Technology

Posted on October 25, 2019 by staff

EdTech start-up aiming to hit £100m turnover

Technology

A former teacher turned EdTech entrepreneur believes his collaborative lesson planning platform can transform the profession and become a £100m business in the process.

Teachers currently spend around 40 per cent of their time planning lessons but Atif Mahmood believes his start-up Teacherly is the solution by getting teachers to collaborate through technology.

More than 2,000 schools and 70,000 teachers have already signed up the platform, which has just broken into the UAE market.

Mahmood said he decided to do something after witnessing the problem first-hand and seeing a growing number of colleagues leave the industry.

“Teachers spend a lot of time planning lessons,” he said. “If you imagine your child’s teacher or your brother or sister is a teacher, you spend 40 per cent of the time planning lessons, 20 lessons a week, that’s a lot of lessons you have to plan for. And they do it on their own.

“Teacherly allows them to collaborate on the lesson planning with other teachers, connecting teachers teaching the same subject and reducing the workload.”

He launched the SaaS-based business in 2016 after moving from Derby to Manchester to join an Accelerator programme.

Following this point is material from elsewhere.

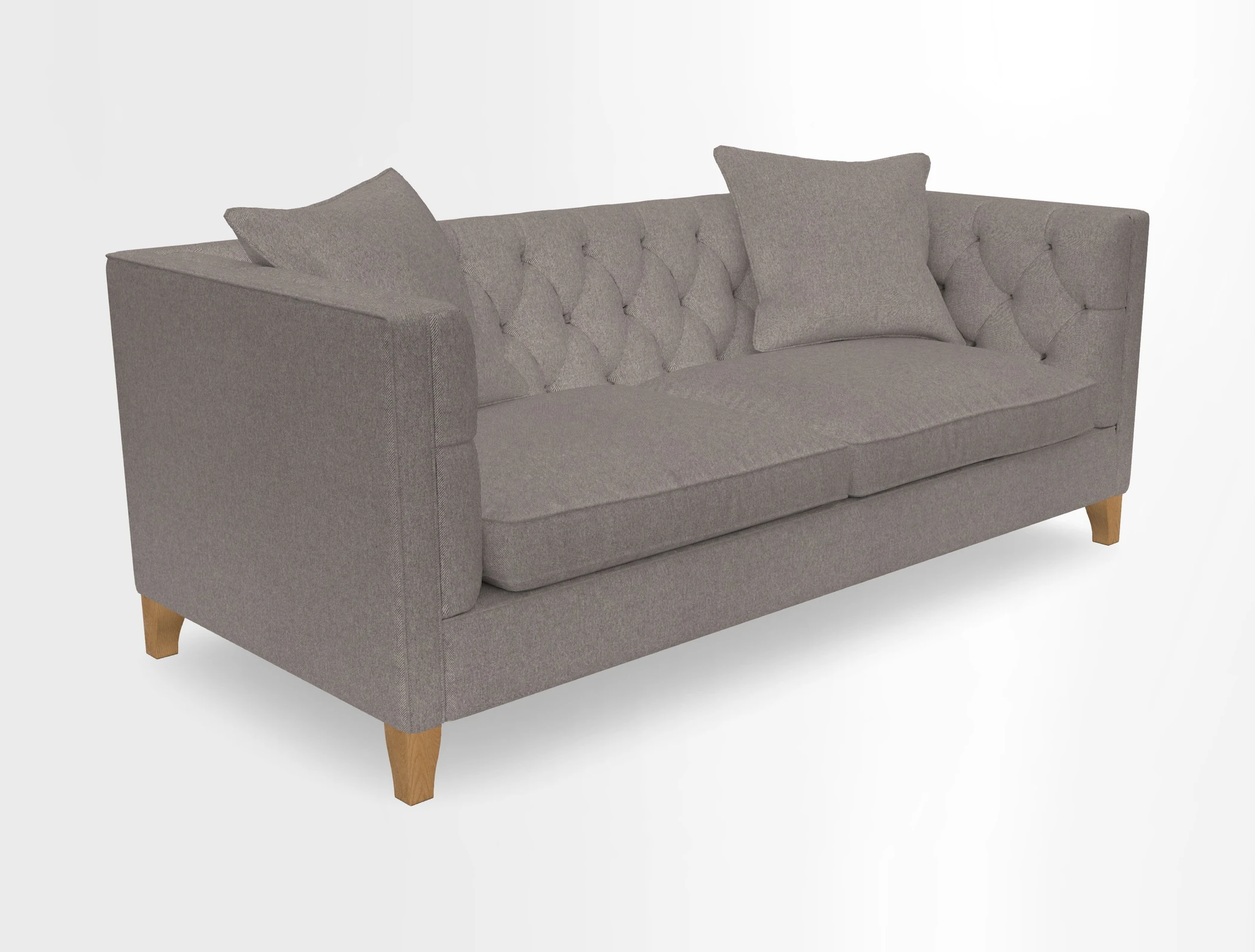 Haresfield 3 seater sofa in Whernside Spring Grass and Stockport Stripe Hunter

Explaining how it works he gave the following example. “A year nine teacher in a school secondary school in Derby signs up, with the department paying for it,” he said. “When they log in, they will see the English teachers, maths teachers, whichever year nine subject they teach, that other teachers are teaching in another city or a country and if they wanted to, send them an invite and collaborate on planning with them.”

Teacherly has raising around £3m, including £1.5m in venture capital funding. The start-up has also received match-funding from the UAE and an undisclosed investment from US-based Global Village, which is backed by high profile entrepreneurs including Reid Hoffman, Jeff Bezos and Bill Gates.

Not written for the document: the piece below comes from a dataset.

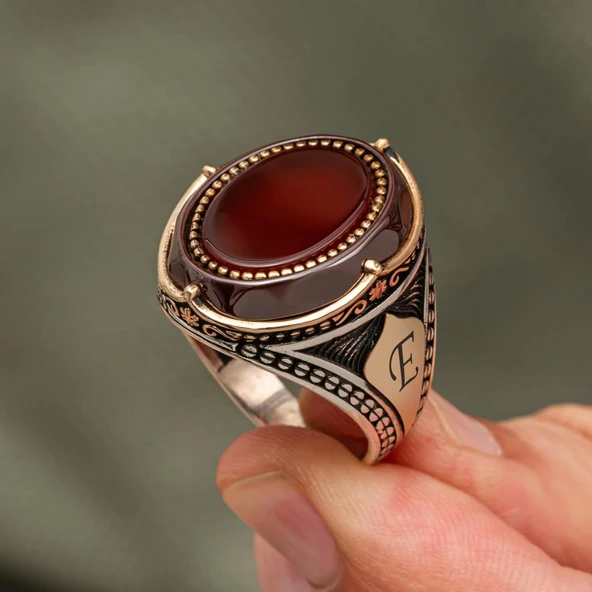 Oval Akik Taşlı Harfli 925 Gümüş Yüzük Erkek - Resim 3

Teacherley’s turnover has grown in the last year from £468,000 to £1.4m, rising to an estimated £3.3m next year. Mahmood predicts it will eventually grow to £100m.

“What I want to do is break that cycle of being here again in 10 year (and teachers) saying, ‘we’re still struggling with workload’,” he said. “The only way to do that is to really grow a business that can go to the moon, and make a difference to the teachers and take them with us.

“The morale for teachers is very low right now especially the new qualified teachers. Just in the UK alone, you’ve got around 460,000 newly qualified teachers coming to the profession but four out of 10 leave. I’m telling you right now robots and AI are not going to replace teachers.”

Mahmood was speaking at a business event in Warrington called ‘On A Stick’, organised by Opus by Carpe Diem. He was of seven entrepreneurs to share their story against a backdrop of Luke Jerram’s seven metre wide ‘Museum of the Moon’ artwork.

The other speakers were:    John Kershaw, founder of M14 Industries; James Bedford, former head of Investment Partnerships at Tech Nation; award-winning Anna Heyes, founder of Active Profile: Guy Weaver, director of Praetura Ventures; serial entrepreneur Lorna Davidson, founder of The Mothership Group and RedWigWam; and former barrister Sue Wright, who is now the managing director of Signature Living and oversees 900 staff.